Comment without seeing Kerim's original circuit:
The 50 Hz transformer will be acting at 16 kHz like the inductor in a boost converter, and the antiparallel diodes in the Mosfets could be conducting during part of the 50 Hz cycle the cycle.
There will be 100's of volt of 16kHz on the primary, and as Kerim said, acceptably low ripple out with a small capacitor.
The flux density swing due to the 16 kHz will be ~ 50/16000 of the 50 Hz swing ( If 50 Hz is 1.2T, 16 kHz would be 3.75 milliTesla for the same RMS Voltage) , so core losses will be dominantly from the 50Hz, as measured values indicate.
The 16kHz component of AC in the transformer primary windings could be measured with a Rogowski, possibly causing neglible heating by skin effect.
Mhmm, there's a historical lesson for young players in here!
Back in the day, we used vacuum tubes for everything, including amplifying audio. For various reasons, speakers have always been in the low-impedance range (8 or 16 back then, 4 and 2 nowadays, the latter mainly for automotive for obvious(?) reasons), while vacuum tube power amplifiers have load impedances of some kohms: this necessitates a matching transformer.
A typical tube amp, you can run at full rated power, day in day out, at any frequency in the passband, without anything overheating. That is, equal voltage at 20Hz or 20kHz will be applied to the output transformer. Losses generally decrease with frequency, because Bpk decreases faster than f^alpha rises, though it does depend on the exact Steinmetz parameters the core material possesses.
Well, "typical" might be pushing it, amps of course spanned the gamut of quality and specsmanship (or lack thereof) as much as anything ever has; but suppose a platonic ideal of something rated for the usual range and all that, and at least cromulently designed, okay?
We can model core loss with the modified Steinmetz formula: \$p = B^\alpha F^\beta\$, with typically \$\alpha\$ around 2 and \$\beta\$ around 1. An "ideal" lossy material (as in having eddy currents) has exactly these parameters, corresponding to a constant resistance "shorted turn".
Real materials don't have constant eddy currents, but skin effect instead, the impedance of which generally increases as \$\sqrt{F}\$ -- a diffusion process. This might put \$\beta\$ near 0.5 or 1.5, or something inbetween when considering a wide curve-fitting range. Real materials are also nonlinear, hence the \$\alpha\$ differing.
In any case, the lesson is, because B decreases so fast with F (at constant V), and the exponents tend to be what they are, losses tend not to go up with frequency, and indeed can go down.
Putting it another way: we might run such an inductor at high frequency, but we need basically the whole thing we would need at a lower frequency, to meet similar core loss requirements. And such a big core necessitates just as much wire, so we have no win by running at high frequency. We prefer a lower Fsw simply because it has lower switching loss (and those losses can be fairly high such as due to leakage inductance, also inevitable from the copper requirement), since we can't take much size out of the magnetics -- or we at least need different materials (thinner than mains-frequency iron, or other alloys) to do so.

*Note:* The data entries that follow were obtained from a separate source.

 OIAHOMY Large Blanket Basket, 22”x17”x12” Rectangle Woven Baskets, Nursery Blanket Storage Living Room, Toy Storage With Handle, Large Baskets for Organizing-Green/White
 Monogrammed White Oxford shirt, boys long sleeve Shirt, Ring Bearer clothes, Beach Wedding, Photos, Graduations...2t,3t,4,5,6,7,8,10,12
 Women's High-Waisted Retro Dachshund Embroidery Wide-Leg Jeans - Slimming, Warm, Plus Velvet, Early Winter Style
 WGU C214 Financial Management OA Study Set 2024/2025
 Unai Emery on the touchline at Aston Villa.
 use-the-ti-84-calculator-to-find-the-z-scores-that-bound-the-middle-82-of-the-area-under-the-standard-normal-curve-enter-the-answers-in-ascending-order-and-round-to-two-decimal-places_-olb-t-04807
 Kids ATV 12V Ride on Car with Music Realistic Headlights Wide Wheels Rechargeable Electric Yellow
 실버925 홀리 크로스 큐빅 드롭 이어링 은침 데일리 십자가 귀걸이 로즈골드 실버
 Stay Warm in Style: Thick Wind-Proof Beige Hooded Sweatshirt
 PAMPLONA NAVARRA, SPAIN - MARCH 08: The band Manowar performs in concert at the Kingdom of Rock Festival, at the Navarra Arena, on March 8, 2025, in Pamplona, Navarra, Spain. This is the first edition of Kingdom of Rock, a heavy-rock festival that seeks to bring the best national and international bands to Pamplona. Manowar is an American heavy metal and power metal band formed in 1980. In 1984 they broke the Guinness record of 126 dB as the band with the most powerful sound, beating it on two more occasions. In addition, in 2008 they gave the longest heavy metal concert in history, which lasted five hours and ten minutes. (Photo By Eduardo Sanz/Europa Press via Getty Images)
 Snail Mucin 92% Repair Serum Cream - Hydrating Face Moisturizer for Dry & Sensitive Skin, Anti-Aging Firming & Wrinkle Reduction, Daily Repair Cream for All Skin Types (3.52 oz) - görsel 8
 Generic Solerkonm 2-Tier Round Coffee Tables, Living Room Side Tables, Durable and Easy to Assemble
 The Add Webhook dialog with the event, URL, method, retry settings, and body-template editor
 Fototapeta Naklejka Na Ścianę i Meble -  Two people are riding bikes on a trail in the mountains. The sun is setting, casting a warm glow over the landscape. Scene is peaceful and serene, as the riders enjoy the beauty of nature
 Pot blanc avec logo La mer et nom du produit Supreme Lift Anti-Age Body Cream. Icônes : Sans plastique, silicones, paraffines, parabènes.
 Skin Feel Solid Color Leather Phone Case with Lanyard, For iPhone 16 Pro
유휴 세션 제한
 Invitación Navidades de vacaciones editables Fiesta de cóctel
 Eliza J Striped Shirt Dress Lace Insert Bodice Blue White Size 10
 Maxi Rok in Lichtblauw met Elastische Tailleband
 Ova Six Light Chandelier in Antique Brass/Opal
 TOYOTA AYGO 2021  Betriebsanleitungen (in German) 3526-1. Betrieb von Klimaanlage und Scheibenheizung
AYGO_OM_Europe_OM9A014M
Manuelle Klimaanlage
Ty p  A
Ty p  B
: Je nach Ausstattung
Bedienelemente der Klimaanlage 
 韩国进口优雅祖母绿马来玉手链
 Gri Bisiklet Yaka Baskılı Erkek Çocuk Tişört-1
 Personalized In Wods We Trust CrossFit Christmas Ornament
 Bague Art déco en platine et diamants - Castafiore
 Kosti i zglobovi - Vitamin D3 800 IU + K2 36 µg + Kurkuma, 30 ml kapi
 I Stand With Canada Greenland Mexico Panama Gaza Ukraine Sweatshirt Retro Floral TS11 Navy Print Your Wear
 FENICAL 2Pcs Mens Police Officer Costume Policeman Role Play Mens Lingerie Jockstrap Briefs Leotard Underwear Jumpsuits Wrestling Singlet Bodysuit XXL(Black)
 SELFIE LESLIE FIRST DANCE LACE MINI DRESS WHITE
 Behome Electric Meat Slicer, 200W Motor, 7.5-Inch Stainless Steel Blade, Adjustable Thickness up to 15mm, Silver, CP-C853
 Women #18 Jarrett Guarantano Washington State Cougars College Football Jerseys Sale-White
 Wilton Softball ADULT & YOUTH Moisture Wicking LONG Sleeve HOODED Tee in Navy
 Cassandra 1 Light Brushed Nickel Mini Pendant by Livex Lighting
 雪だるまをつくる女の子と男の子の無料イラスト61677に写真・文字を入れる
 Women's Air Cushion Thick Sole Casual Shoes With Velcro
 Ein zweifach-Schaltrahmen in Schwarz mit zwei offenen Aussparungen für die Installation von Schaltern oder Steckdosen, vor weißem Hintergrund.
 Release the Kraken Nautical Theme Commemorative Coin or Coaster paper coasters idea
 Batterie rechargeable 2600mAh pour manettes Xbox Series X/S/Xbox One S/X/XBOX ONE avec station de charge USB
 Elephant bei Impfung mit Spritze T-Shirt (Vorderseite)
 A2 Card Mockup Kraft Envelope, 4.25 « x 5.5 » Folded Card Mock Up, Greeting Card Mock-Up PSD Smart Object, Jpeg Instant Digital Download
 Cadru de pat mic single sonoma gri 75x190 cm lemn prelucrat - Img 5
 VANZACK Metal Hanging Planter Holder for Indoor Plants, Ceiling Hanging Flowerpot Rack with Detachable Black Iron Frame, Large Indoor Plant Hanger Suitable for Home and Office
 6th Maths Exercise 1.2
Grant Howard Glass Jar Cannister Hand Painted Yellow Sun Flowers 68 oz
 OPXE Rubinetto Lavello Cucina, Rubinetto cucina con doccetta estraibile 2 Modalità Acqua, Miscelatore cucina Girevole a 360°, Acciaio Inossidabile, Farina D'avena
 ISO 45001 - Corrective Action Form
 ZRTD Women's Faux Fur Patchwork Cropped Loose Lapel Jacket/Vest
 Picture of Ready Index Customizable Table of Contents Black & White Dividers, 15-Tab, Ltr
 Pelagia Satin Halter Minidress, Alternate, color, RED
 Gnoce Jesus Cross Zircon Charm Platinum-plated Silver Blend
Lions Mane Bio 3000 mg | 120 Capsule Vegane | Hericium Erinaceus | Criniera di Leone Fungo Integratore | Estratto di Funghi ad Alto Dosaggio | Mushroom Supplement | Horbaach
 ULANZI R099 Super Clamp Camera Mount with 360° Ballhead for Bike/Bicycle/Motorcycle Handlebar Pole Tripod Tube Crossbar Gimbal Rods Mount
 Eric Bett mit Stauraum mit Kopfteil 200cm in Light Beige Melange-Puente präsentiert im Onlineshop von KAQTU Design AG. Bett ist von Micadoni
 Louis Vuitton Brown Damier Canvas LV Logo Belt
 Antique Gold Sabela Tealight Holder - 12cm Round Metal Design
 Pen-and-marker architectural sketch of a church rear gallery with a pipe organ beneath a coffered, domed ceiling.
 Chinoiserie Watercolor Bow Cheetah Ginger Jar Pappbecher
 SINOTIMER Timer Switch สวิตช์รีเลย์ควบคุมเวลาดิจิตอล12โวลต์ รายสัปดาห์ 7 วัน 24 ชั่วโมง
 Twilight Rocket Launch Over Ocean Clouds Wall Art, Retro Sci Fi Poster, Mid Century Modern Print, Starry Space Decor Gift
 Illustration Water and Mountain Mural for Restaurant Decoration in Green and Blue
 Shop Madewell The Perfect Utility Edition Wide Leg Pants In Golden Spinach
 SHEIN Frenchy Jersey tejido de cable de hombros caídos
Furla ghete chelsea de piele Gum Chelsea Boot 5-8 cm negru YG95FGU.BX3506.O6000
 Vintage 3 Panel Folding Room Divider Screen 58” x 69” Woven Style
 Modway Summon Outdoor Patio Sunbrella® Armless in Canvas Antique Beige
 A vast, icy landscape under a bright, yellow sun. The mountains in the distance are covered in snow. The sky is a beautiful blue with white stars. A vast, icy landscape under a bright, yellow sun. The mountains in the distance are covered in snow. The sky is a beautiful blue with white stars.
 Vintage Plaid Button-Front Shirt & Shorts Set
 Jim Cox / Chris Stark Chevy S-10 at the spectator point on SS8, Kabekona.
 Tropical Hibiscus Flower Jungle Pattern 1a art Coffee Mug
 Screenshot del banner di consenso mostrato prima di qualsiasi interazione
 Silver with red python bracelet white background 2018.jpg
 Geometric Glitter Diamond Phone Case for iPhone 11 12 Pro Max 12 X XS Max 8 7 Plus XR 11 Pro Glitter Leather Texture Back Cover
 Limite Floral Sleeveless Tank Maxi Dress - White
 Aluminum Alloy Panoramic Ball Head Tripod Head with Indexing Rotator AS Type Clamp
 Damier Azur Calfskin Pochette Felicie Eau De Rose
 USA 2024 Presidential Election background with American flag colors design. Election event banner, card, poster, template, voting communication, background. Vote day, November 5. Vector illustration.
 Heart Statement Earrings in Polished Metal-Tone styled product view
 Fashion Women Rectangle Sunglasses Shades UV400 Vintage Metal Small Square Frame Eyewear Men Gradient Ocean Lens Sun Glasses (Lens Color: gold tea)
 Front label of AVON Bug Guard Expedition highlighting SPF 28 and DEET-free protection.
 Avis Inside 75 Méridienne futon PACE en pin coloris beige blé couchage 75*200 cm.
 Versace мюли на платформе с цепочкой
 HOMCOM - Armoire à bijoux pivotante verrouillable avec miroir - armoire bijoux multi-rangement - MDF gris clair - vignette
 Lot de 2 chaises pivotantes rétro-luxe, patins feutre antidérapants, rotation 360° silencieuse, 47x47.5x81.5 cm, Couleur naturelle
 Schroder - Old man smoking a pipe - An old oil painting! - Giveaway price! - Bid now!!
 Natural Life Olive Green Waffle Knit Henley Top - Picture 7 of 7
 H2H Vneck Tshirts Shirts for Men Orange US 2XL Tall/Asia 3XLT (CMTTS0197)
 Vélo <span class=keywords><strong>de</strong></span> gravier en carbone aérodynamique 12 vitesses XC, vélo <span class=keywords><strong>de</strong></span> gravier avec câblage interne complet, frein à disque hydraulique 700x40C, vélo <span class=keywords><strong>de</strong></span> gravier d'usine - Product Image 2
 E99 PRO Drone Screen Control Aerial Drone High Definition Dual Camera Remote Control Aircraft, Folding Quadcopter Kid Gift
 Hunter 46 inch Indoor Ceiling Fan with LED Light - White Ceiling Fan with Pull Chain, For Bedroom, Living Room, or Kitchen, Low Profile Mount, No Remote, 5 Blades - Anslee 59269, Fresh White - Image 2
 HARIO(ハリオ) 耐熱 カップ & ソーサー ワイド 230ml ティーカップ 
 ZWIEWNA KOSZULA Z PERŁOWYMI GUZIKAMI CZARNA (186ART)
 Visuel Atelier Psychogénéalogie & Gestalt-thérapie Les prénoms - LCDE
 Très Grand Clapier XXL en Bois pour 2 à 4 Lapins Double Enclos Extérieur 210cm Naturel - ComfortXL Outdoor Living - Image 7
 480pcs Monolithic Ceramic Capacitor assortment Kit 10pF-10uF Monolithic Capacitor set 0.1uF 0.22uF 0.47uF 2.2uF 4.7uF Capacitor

Another point of historical reference: it was some DEC minicomputers, desktop PDPs I believe, had a rudimentary switching power supply -- the design was quite basic in terms of switching behavior, but it saved just enough efficiency to be worthwhile compared to a pure linear design -- which used a laminated-iron choke for bucking. I don't remember the particular ratings or values though. Probably something like 5V 10A, and Idunno, a couple mH? Might also be using finer laminations to help reduce size. Probably a lot of other products too, but this vintage computing reference happens to come to mind.
I'm assuming materials other than mains-frequency electrical steel are strictly unavailable, so there's not much to gain by raising Fsw. In this application, it mainly pushes carrier + sidebands well enough above signal frequency that it's easily filtered (as said, with leakage and a capacitor, and hopefully/preferably an R+C to dampen that in turn).
I am a bit curious (if not to the point of incredulity as others apparently have been) what really is available, or with what difficulty. If trade with India is available, but India makes (or imports themselves) ferrites, is that not a thing? Perhaps there are restrictions on materials, even as seemingly basic as ferrite, or equipment containing it. I guess it would be interesting to
make some from materials; all that's needed is Zn, Mn and Fe oxides of sufficient purity, a press, and an electric kiln. (Preferably they would be, well, the whole process: sintered, ball milled, pressed in molds with binder, and not to mention ground, tested, and process optimized to mimic common materials like N97 and etc. Perhaps processes this elaborate aren't feasible in the country for various reasons.)
Whatever the case, most such issues are largely out of ones' control, and the engineer must make do with whatever is available. I might not know the particulars, but it's a very unstable region, generally, an unfortunate state of things for many (often not good) reasons, particularly by several large actors.